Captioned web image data
>>>>>

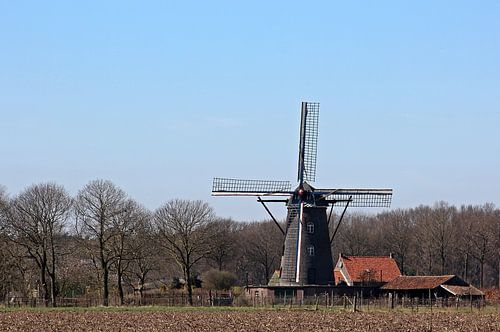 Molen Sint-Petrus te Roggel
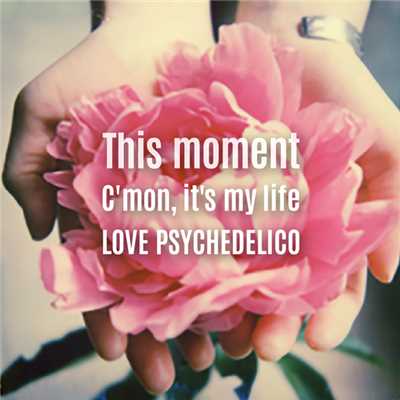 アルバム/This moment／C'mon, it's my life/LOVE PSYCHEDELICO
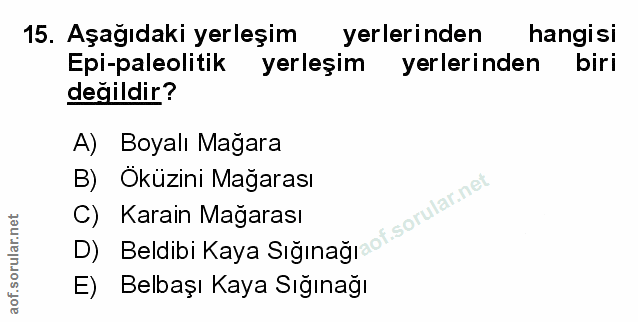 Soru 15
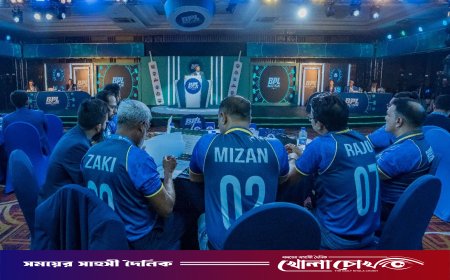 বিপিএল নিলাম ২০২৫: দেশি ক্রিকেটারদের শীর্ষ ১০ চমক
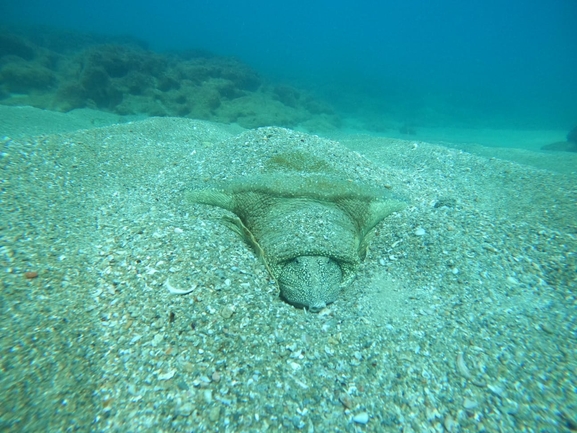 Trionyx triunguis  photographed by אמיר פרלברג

<<<<<

- **ASSIGNMENT**
Where the line containing "বিপিএল নিলাম ২০২৫: দেশি" appears in the entries above, start there and set down every line exactly through the last one, inclusive; omit pictures.

- **REPLY**
 বিপিএল নিলাম ২০২৫: দেশি ক্রিকেটারদের শীর্ষ ১০ চমক
 Trionyx triunguis  photographed by אמיר פרלברג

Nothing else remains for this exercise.